Zulip Chat Archive

I really like the concept and general approach of FB AI Research's Tensor Comprehensions system (Repo, Docs, Paper)
for concisely expressing the semantics of (most) deep learning kernels. This starts at typical BLAS routines, but extends over the common einsum approach to expressing tensor contractions that are restricted to the normal add/mul semiring of the usual f32 primitive type.

From the paper:

def sgemm(float a, float b, float(N,M) A, float(M,K) B) → (C) {
  C(i,j) = b * C(i,j) # initialization
  C(i,j) += a * A(i,k) * B(k,j) # accumulation
}

def mv(float(M,K) A, float(K) x) → (C) {
  C(i) +=! A(i,k) * x(k)
}

def fcrelu(float(B,I) in, float(O,I) weight, float(I) bias) → (out) {
  out(i,j) = bias(j)
  out(b,o) += in(b,i) * weight(o,i)
  out(i,j) = fmaxf(out(i,j), 0)
}

The +=! just means "zero init the target before performing the accumulation/reduction".

I'd love to get to use Lean to reason about and discuss/explain custom kernels, particularly including forward/reverse mode vector jacobian/jacobian vector products, getting to check/prove that the modified/transformed kernels indeed compute the supposed derivatives of the original kernel.
Ideally there'd also be a way to go further and partially specialize dimensions to work out arithmetic intensity (ratio of compute to memory access, indicating whether an implementation is memory-bound or compute-bound, at least for sufficiently regular memory access patterns) and some influence of numerical problems (e.g. catastrophic cancellation) for some concrete implementation that nominally respects the analytical definition, but is trying to offer practical performance.

I'd hope for some suggestions/pointers to how to use a spiritually similar syntax in Lean, which is at least somewhat amenable to mathlib4's analysis.

Tomas Skrivan (Jan 11 2024 at 08:29):

I haven't read the paper yet but these functions can be implemented with SciLean(library I'm working on).

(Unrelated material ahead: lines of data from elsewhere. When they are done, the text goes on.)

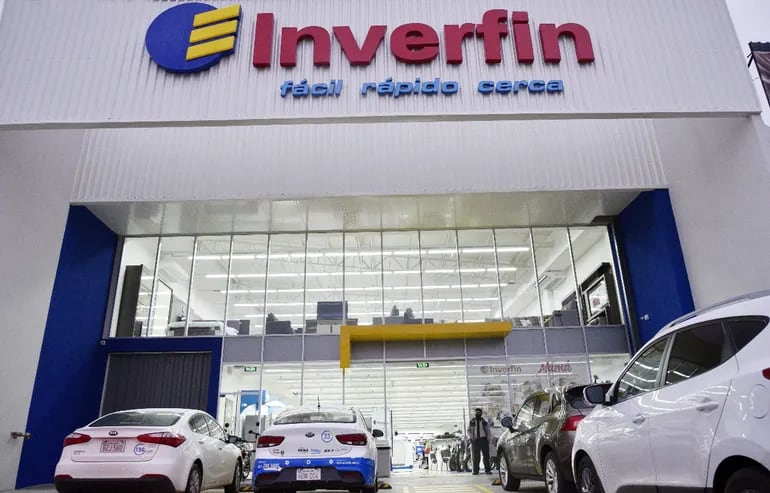 Inverfin inauguró su nueva sucursal sobre la ruta 1, kilómetro 17,5 esquina Julio Correa, de la ciudad de Capiatá.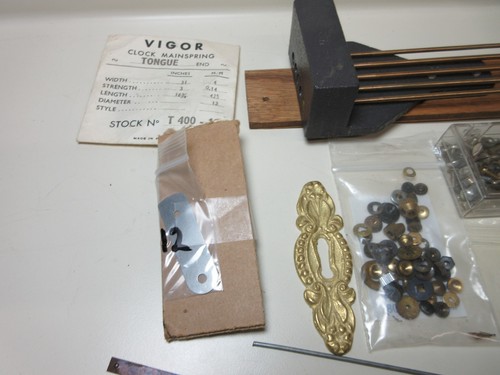VINTAGE KONVOLUT UHRENTEILE TRIEBFEDERN SCHRAUBEN & MEHR UHRMACHERTEILE #6 - Bild 13 von 15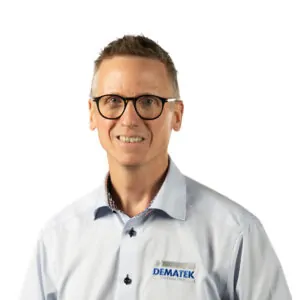 Bild på Claes Hörnfeldt som är säljare för lyftbord på Dematek AB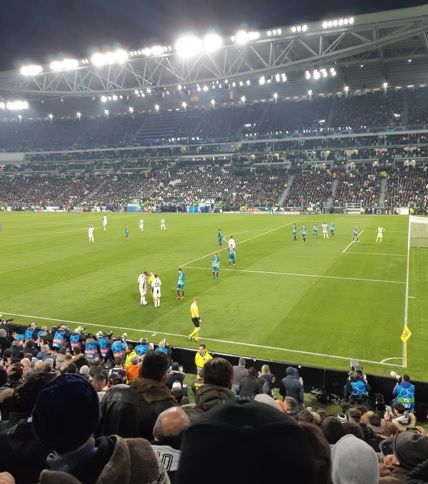 Nonton Juventus versus Atletico Madrid di Turin. Foto pribadi.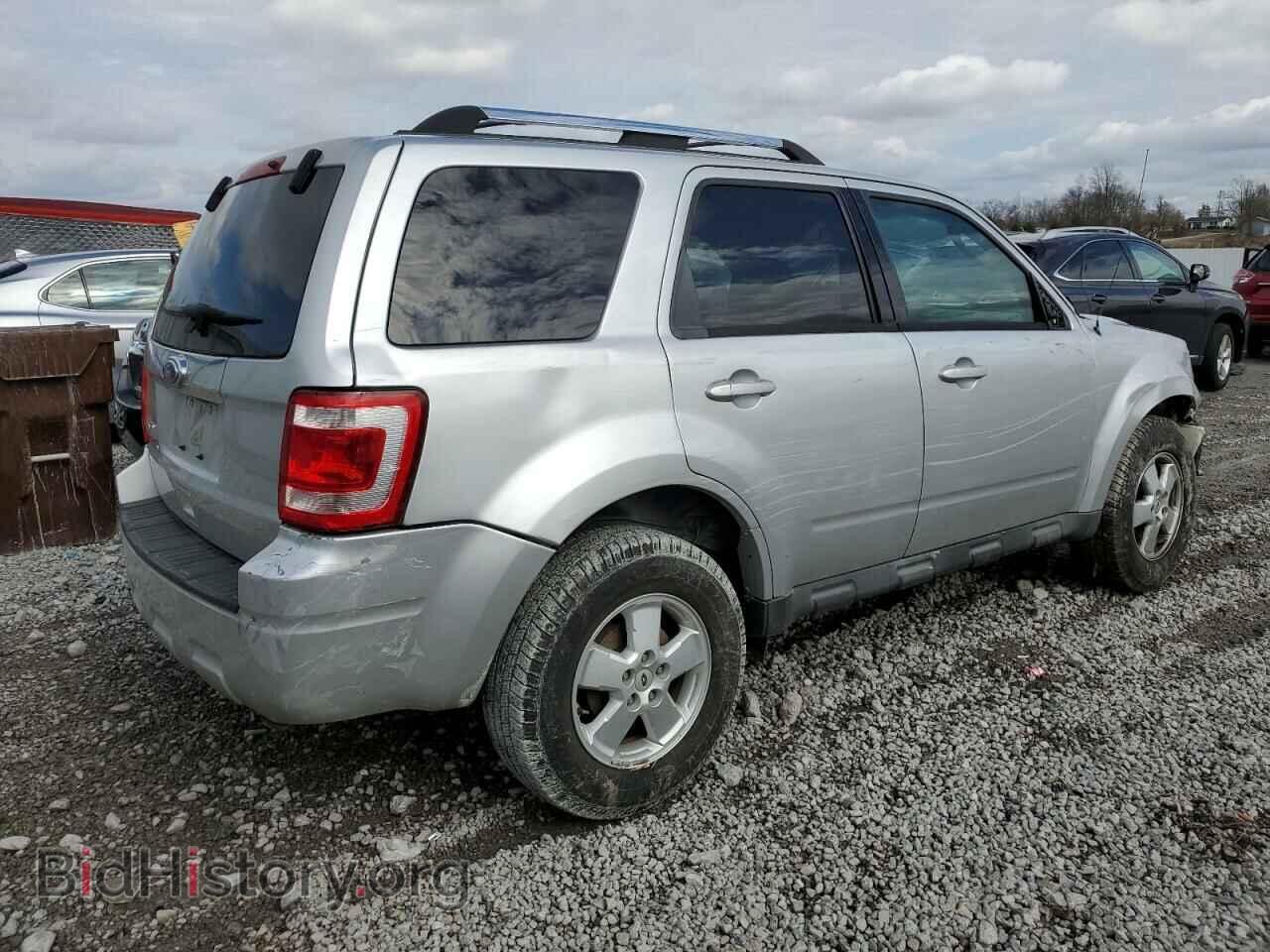 2011 FORD ESCAPE - VIN: 1FMCU0E77BKA37976 - Фото 3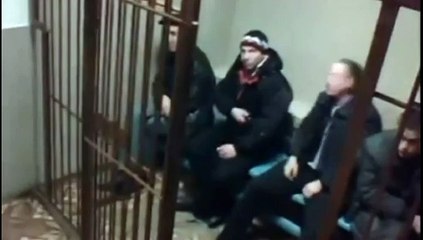 Comment calmer un prisonnier qui ne veut pas se taire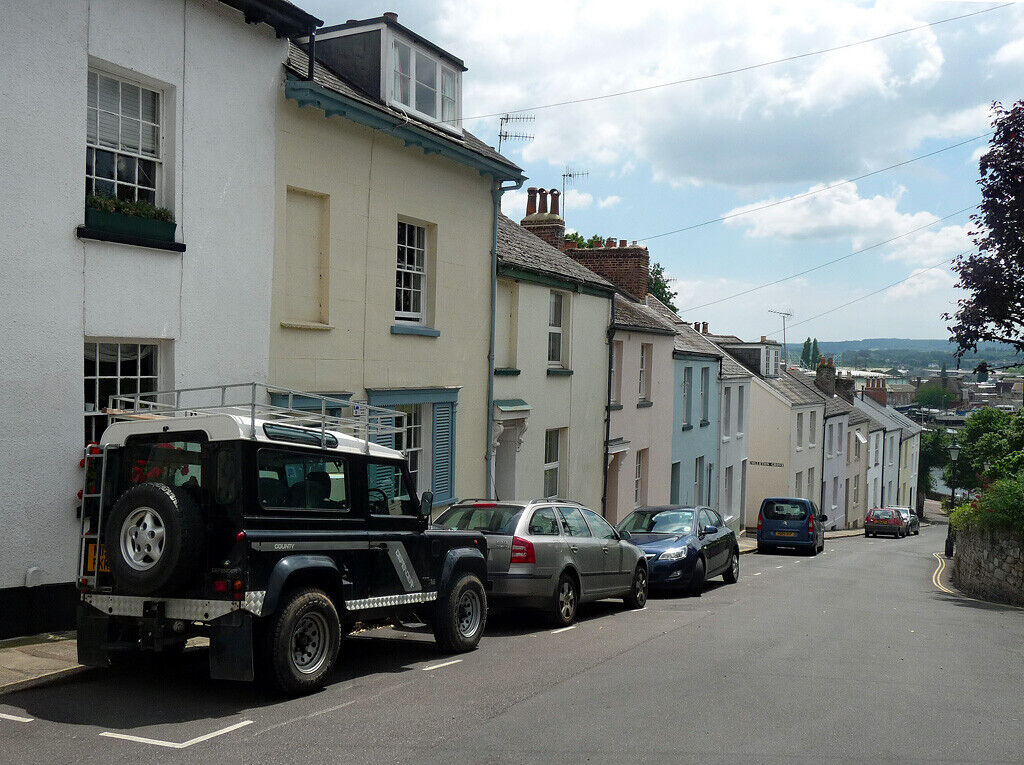 PHOTO  COLLETON HILL EXETER MODEST 1820S HOUSES STEPPING DOWN THE HILL TO THE RI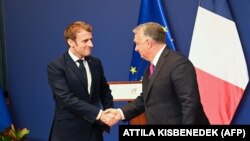 Emmanuel Macron francia elnök és Orbán Viktor miniszterelnök Budapesten a közös sajtótájékoztató után, 2021. december 13-án.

I'm not sure if I have implemented fcrelu correctly either I do not understand the notation or there should be float(O) bias.

import SciLean

open SciLean ArrayType

def sgemm (a b : Float) (A : Float^[N,M]) (B : Float^[M,K]) (C : Float^[N,K]) : Float^[N,K] :=
  mapIdx (fun (i,j) cij => b * cij + ∑ k, a * A[(i,k)] * B[(k,j)]) C

def mv (A : Float^[M,K]) (x : Float^[K]) : Float^[M] :=
  ⊞ i => ∑ j, A[(i,j)] * x[j]

def fcrelu (in' : Float^[B,I]) (weight : Float^[O,I]) (bias : Float^[O]) : Float^[B,O] :=
  ⊞ (i,j) => 0 ⊔ (bias[j] + ∑ k, in'[(i,k)] * weight[(j,k)] )

If I add differentiation rules for mapIdx and max then SciLean can also generate derivatives of these functions and provide a "proof" of correctness . Right now, such proof would not be complete as SciLean does not prove all the elementary transformation rules and implementation of n-arrays(Float^[n,m,k]) is not yet verified.

In future, I would like to optimize/rewrite these functions using techniques and ideas from the paper Verified Tensor-Program Optimization Via High-Level Scheduling Rewrites but I will also look at the paper you have mentioned.

However, many things you have mentioned will not be possible to prove/reason about if these function are defined as normal Lean functions. Because Lean has function extensionality you can't reason about the implementation of a function. Thus reasoning if a function is memory/compute bound would require a different approach. Lastly I have no clue how to reason about numerical problems like catastrophic cancellation.

namibj (Jan 12 2024 at 03:29):

Hmm, is it possible to reason about the memory access vs. compute aspects from the version you've written there?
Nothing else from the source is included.